→ **WHAT TO DO**: Reproduce the listing below from the line with "Bloomington Apartment: 318 West 16th Street" to the line with "Estratégica bodega en", both lines included, character for character, minus any pictures.

++++ SOURCE MATERIAL ++++

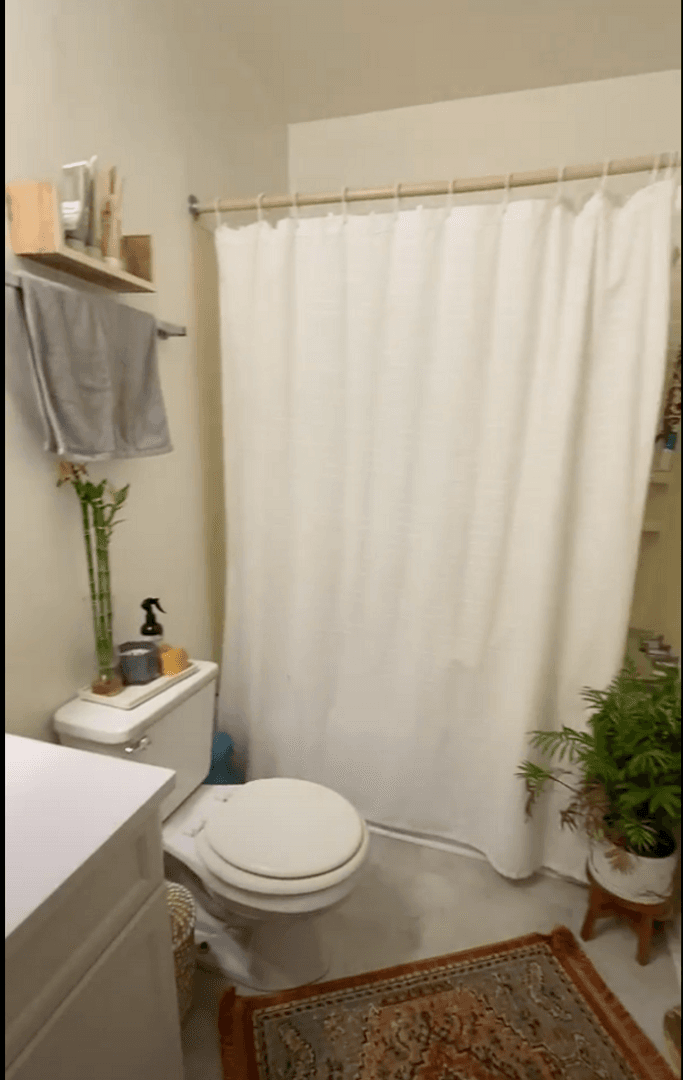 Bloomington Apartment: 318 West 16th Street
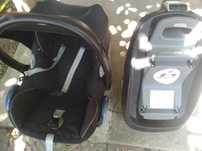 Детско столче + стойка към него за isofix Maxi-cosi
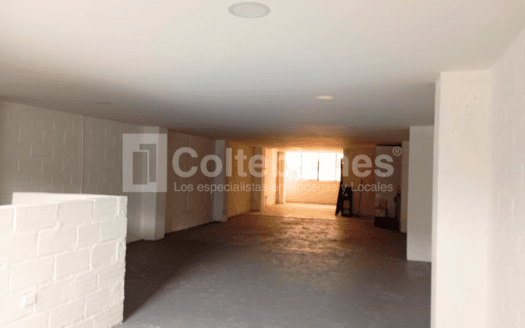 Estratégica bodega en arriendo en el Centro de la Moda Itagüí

++++
++++ SOURCE MATERIAL ++++

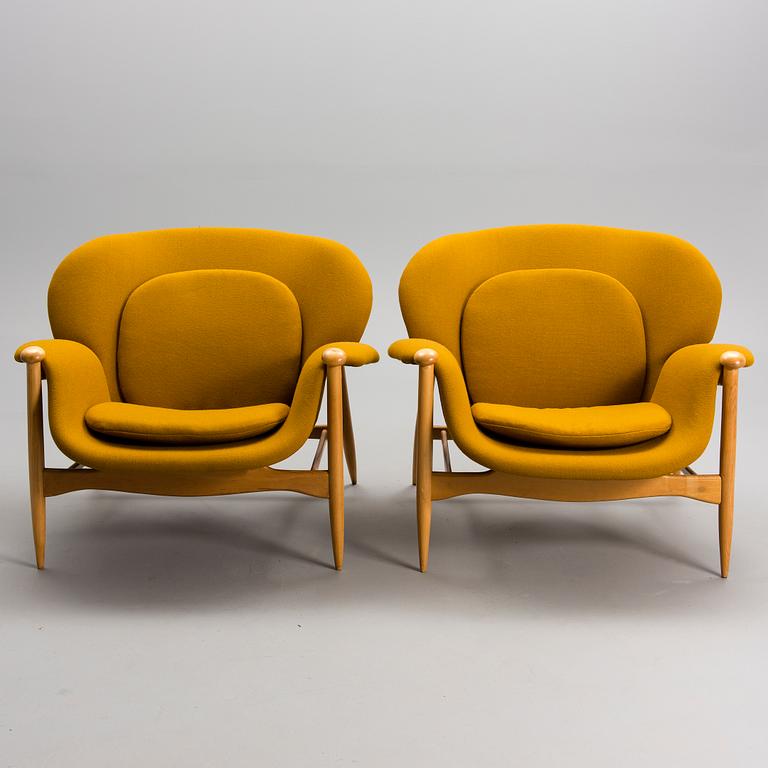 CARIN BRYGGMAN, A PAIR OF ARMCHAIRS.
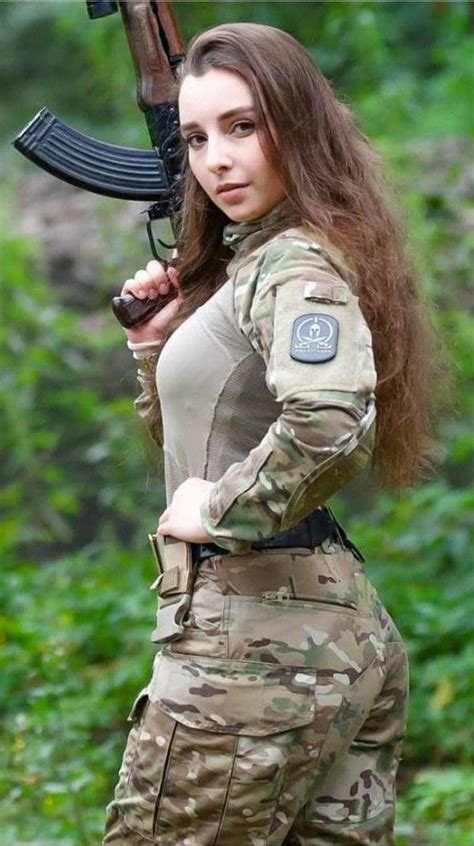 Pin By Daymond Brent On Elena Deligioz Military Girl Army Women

++++
++++ SOURCE MATERIAL ++++

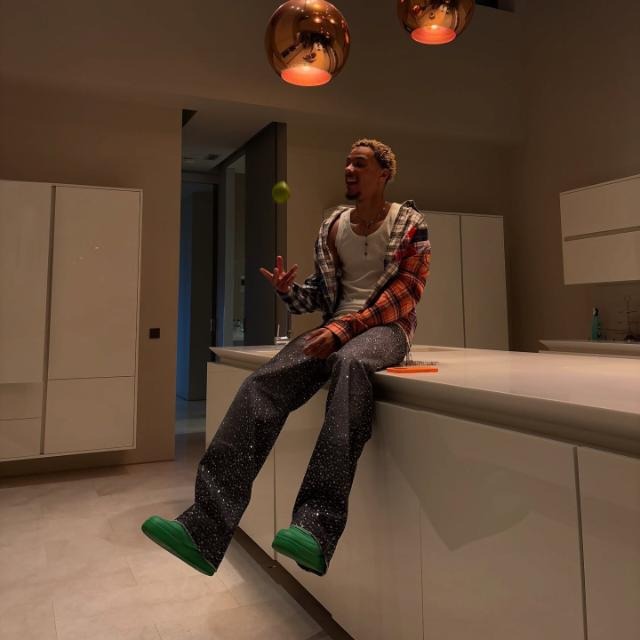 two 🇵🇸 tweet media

++++

→ **EXERCISE SOLUTION**:
 Bloomington Apartment: 318 West 16th Street
 Детско столче + стойка към него за isofix Maxi-cosi
 Estratégica bodega en arriendo en el Centro de la Moda Itagüí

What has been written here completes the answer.